突撃リポート! 芸協らくごまつり&謝楽祭
「ピン芸人・服部拓也のエンタメを抱きしめて」 第13回
- 落語
- 講談
- 浪曲
- その他
服部 拓也
2026/06/29
カフェコマドの助っ人・O君、神田伯山先生、筆者(芸協らくごまつり にて)
熱狂のファン感謝イベント!
サッカー少年だった私は、4年に一度のワールドカップに熱狂する。
30年以上も前、私が小学校低学年の頃になりたかった職業は、「1位 サッカー選手」「2位 マジシャン」「3位 お笑い芸人」だった。
1993年(平成5年)の春、日本初のプロサッカーリーグ・Jリーグが誕生し、空前のサッカーブームが到来。当時のスポーツ中継と言えば、相撲かプロ野球だった中、テレビのゴールデンタイムでもJリーグが中継されていた。

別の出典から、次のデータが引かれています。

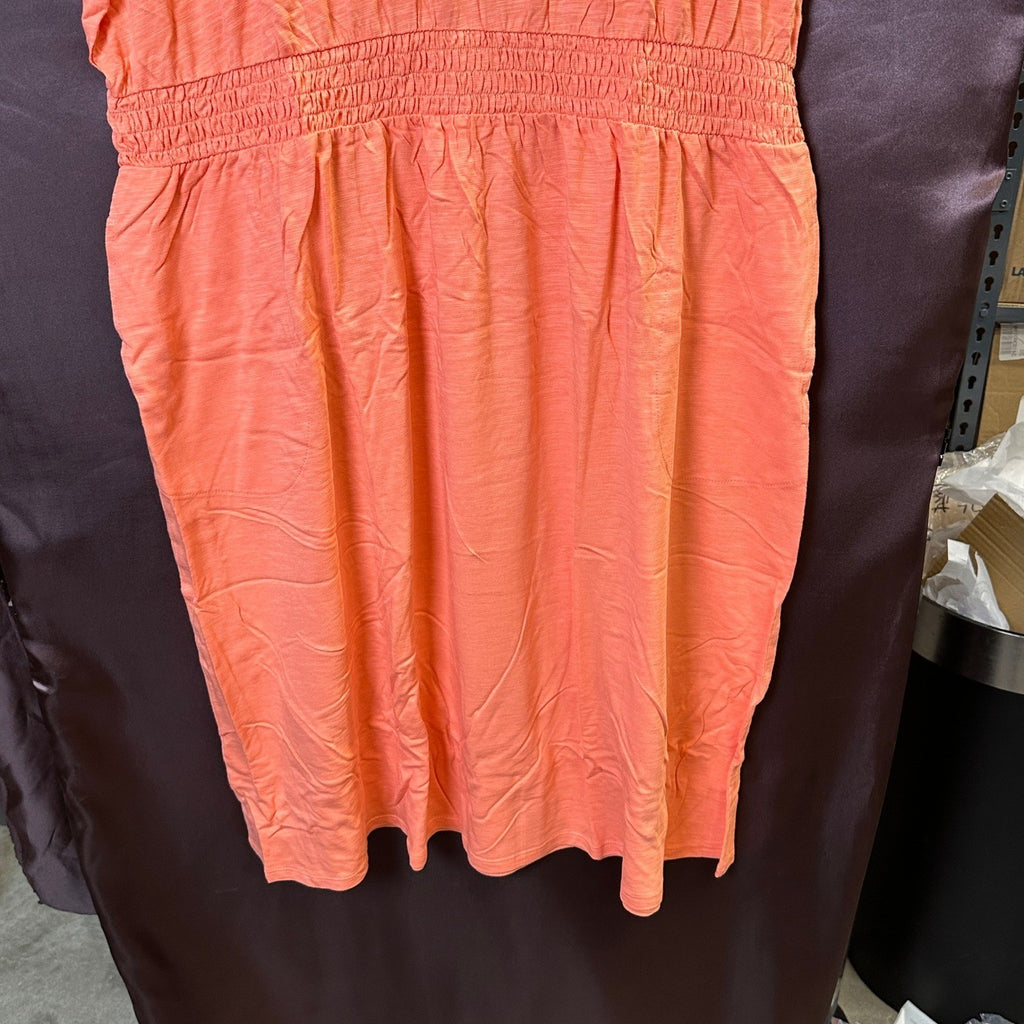 Belle by Kim Gravel Women's 2XP Paradise Coral Smocked Waist Dress Slub Knit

私は当時、ヴェルディ川崎(現・東京ヴェルディ)が好きだった。
キングカズこと「三浦知良」、少年がカレーを食べたら変身するCMとバンテリンでお馴染みの「ラモス瑠偉」、キュートなハンサムストライカー「武田」に、長髪のダイナモ「「北澤」、左サイドの仕掛け人「都並」、なぜかフルネームで覚えているGK「菊池新吉」などなど、個性的で、とにかく華やかだった。
地元・熊本の繁華街にもJリーグショップができて、おばあちゃんにいろんなグッズを買ってもらった。クリスマスの朝、目を覚ますと枕元には、ヴェルディ川崎のタオルやシューズがあった。緑一色。あの頃から私の「緑」は始まっていたのかもしれない。
Jリーグ中継で、印象的だったのは、とんでもない土砂降りの中の試合。
プロ野球なら中止になり、『プロ野球珍プレー好プレー』の番組内でたまに見かける、選手たちがグシャグシャになったグラウンドのホームベースにヘッドスライディングをかまして、笑い合うあのシーンの数倍くらいグシャグシャのサッカー場で、試合をするJリーガーたち。
テレビ中継も大雨でほとんど何も見えない状態。誰が敵で味方で、どこにボールがあるのかまったくわからないシュールな放送を記憶している。
バブリーなJリーグの誕生から、日本代表が、1994年(平成6年)の「ドーハの悲劇」で本戦出場を逃し、1998年(平成10年)の「フランス・ワールドカップ」で初出場。少年だった私は、ワールドカップで世界を知り、時差を知った。
そんな4年に一度の祭典は、スポーツにあまり興味のない人たちも巻き込み、寝不足とドーパミンと明日への活力を与えてくれる。ワールドカップは、それぞれの国民への「ファン感謝イベント」なんだと、先日のオランダ戦を観て思った。